Top of Dataset excerpt

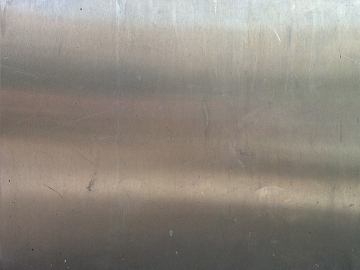 Metal texture (ID:ffacg39205)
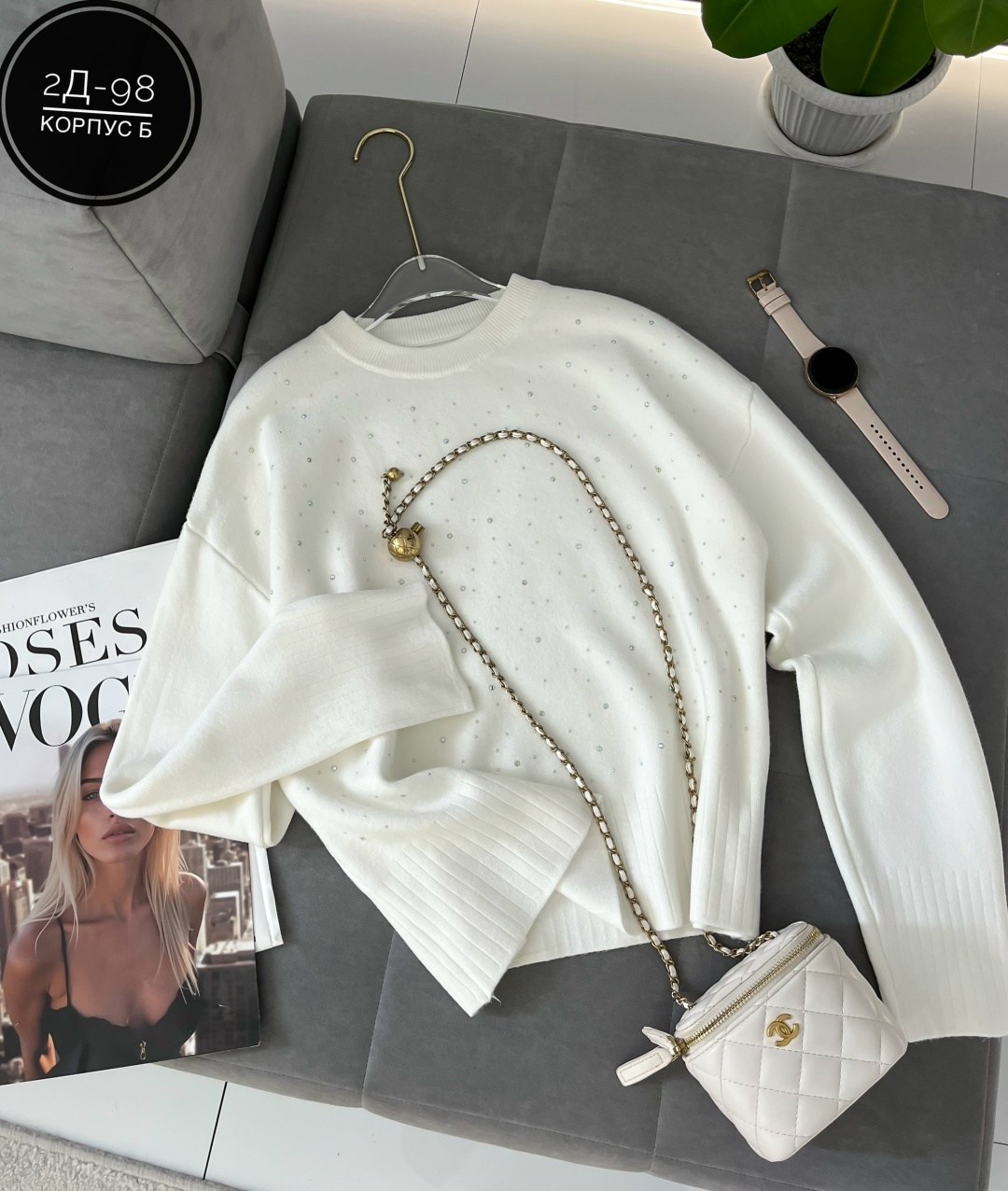 женская кофта,свитшот женская,кофта белая женская,кофта блузка,свитера женские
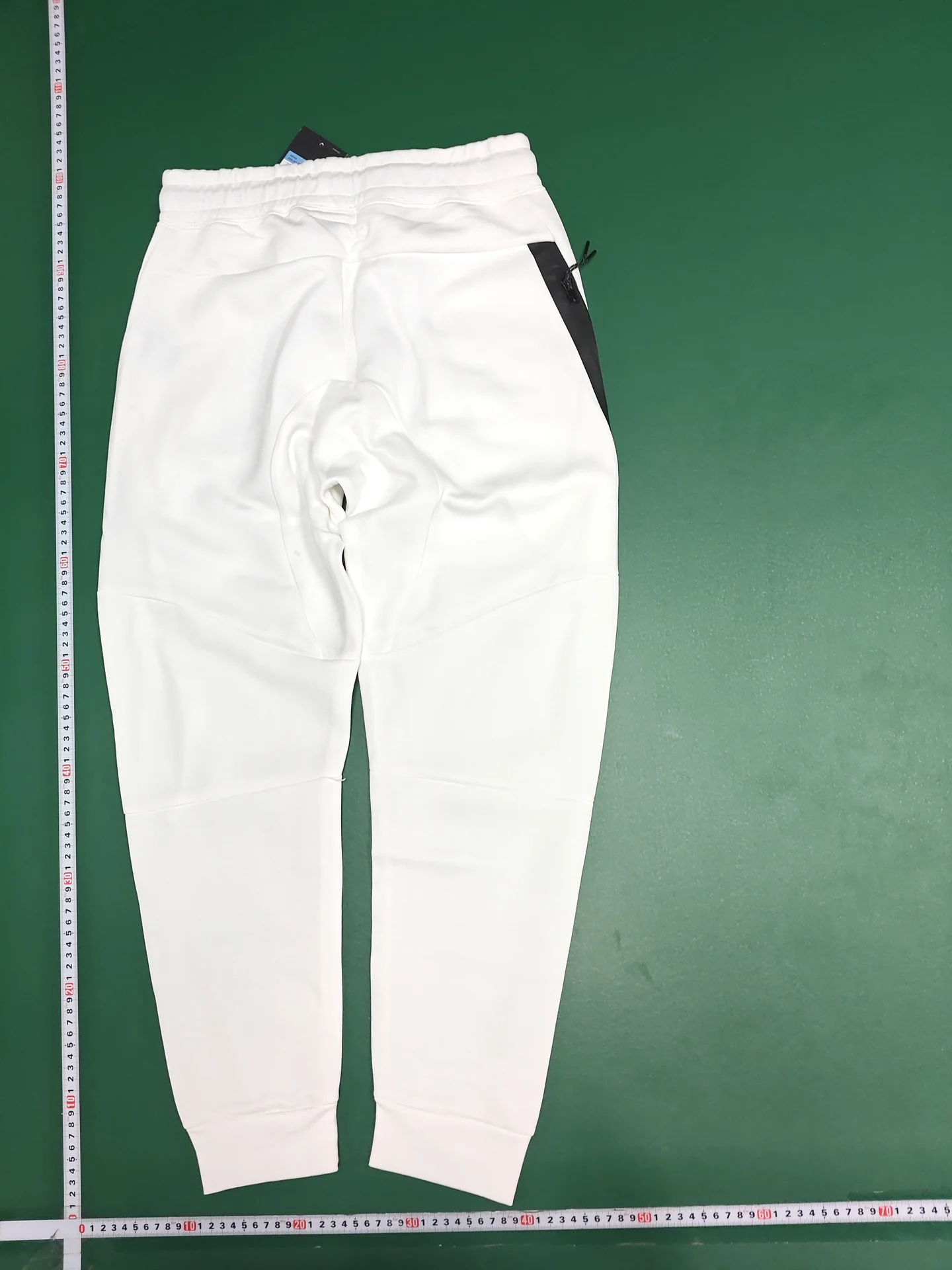 Nike suit 35style QC photo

Bottom of Dataset excerpt

Exercise details ->
Repeat the full listing above exactly, with no pictures in the copy.

Solution for this problem ->
 Metal texture (ID:ffacg39205)
 женская кофта,свитшот женская,кофта белая женская,кофта блузка,свитера женские
 Nike suit 35style QC photo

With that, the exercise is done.